For BBC radio, she wrote Pianoman, Baby Love, and Home to The Black Sea. She has written and directed two short films, Between The Wars, and Meeting Helen.

== Theatre and Performance ==
Woof began writing and performing her own work while at university. Her early stage work included a trilogy of shows about gender Sex, Sex II, Sex III,^{[…]}. Sex III won a Fringe First and Perrier Pick of the Fringe, and was performed at The Royal Court Theatre. Her stage work combines music, dance and storytelling.

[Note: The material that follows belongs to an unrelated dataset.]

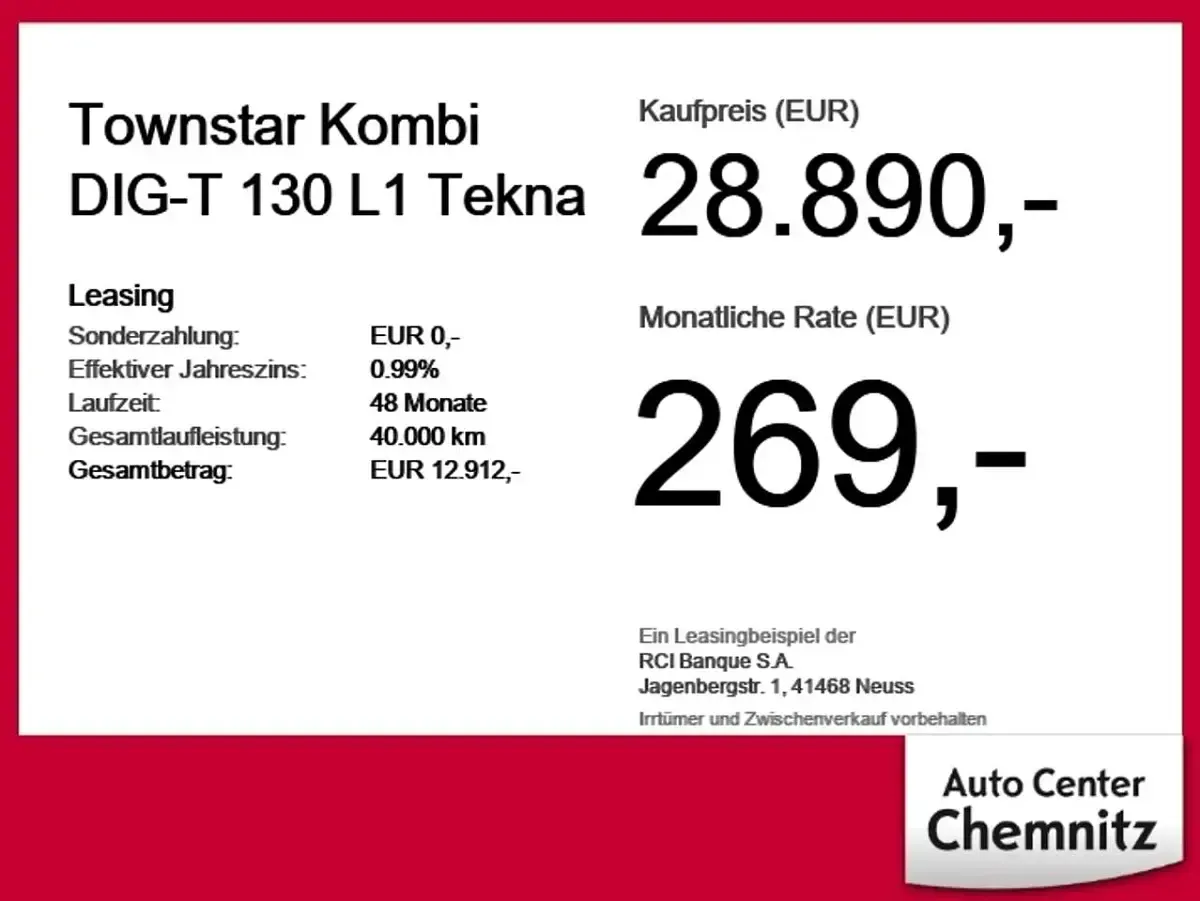 Neu Nissan Townstar 360º 131 PS (96 kW) 2026 Steel grey Kombi
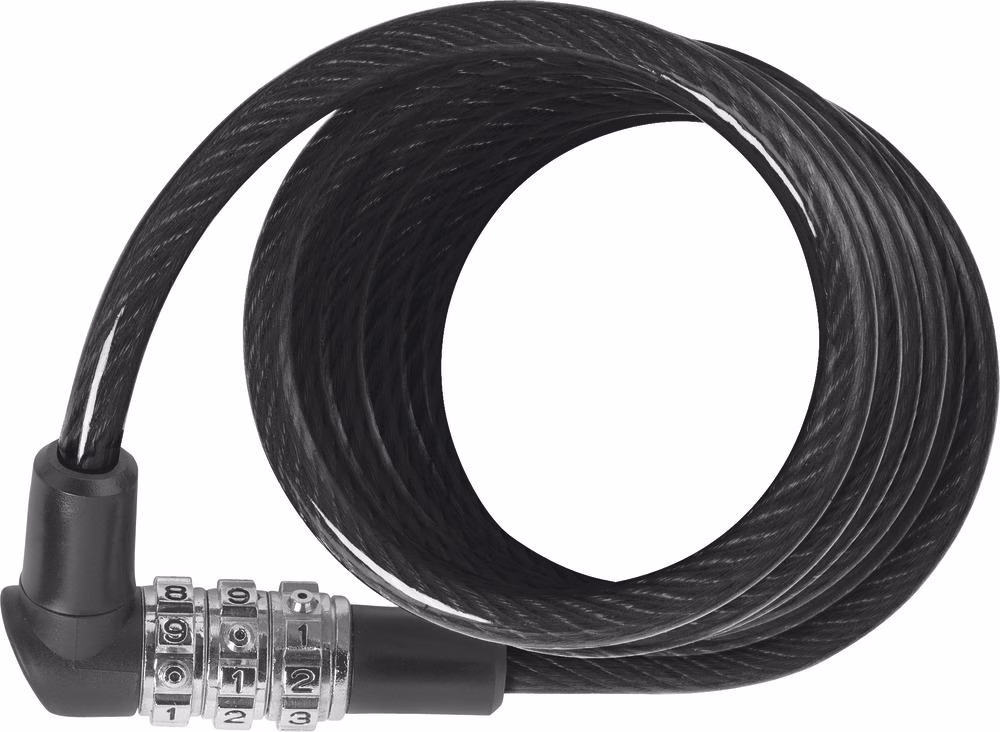 Abus Spiralkabelschloss 3506C/120 BK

She wrote and performed Blizzard, produced by Soho Theatre in association with Shared Experience. The production ran in May 2024 and later at 59E59 Theaters in New York.^{[…]} Blizzard received the 2025 Offie for Creation. She re-wrote and performed and earlier work Revolver in 2025 and performed for seven nights at The Pleasance, Edinburgh. She will perform Revolver at Soho Theatre November 24th-December 5th 2026.

==Personal life==
Woof is married to fellow actor/writer Hamish McColl. The couple have two children and live in North London.

==Filmography==
- Film

| Year | Film | Role | Notes |
| 1997 | The Full Monty | Mandy |  |
| Photographing Fairies | Linda |  |
| The Woodlanders | Grace Melbury |  |
| 1998 | Velvet Goldmine | Shannon |  |
| 1999 | This Year's Love | Alice |  |
| Passion | Karen Holten |  |
| 2000 | Pandaemonium | Dorothy Wordsworth |  |
| 2003 | Wondrous Oblivion | Ruth Wiseman |  |
| 2005 | The League of Gentlemen's Apocalypse | Lindsay |  |
| 2021 | Mothering Sunday | Mrs. Sheringham |  |

- Television

| Year | Film | Role | Notes |
| 1999–2000 | Oliver Twist | Nancy | Miniseries – 3 episodes |
| 1999–2000 | Daylight Robbery | Paula Sullivan | 2 Miniseries – 8 episodes |
| 2005 | Nova | Lise Meitner | Season 33, Episode 3 "Einstein's Big Idea" |
| Ian Fleming: Bondmaker | Ann Fleming | BBC docudrama |
| 2014 | The Smoke | Nina | 2 episodes |

- Short films

- Going Going... as Anna (2000 short film – actor and writer)
- Between the Wars (2002 short film – director)
- Meeting Helen ... as Helen (2007 short film – actor, writer and director)

==Awards and nominations==
- Screen Actors Guild Award for Outstanding Performance by a Cast in a Motion Picture (won) – The Full Monty (shared with cast)
- American Film Institute Award for Best Performance by an Actress in a Supporting Role (nomination) – Passion
- London Film Critics' Circle Award for British Supporting Actress of the Year (nomination) – Wondrous Oblivion
- 2025 Offie for Creation - Blizzard.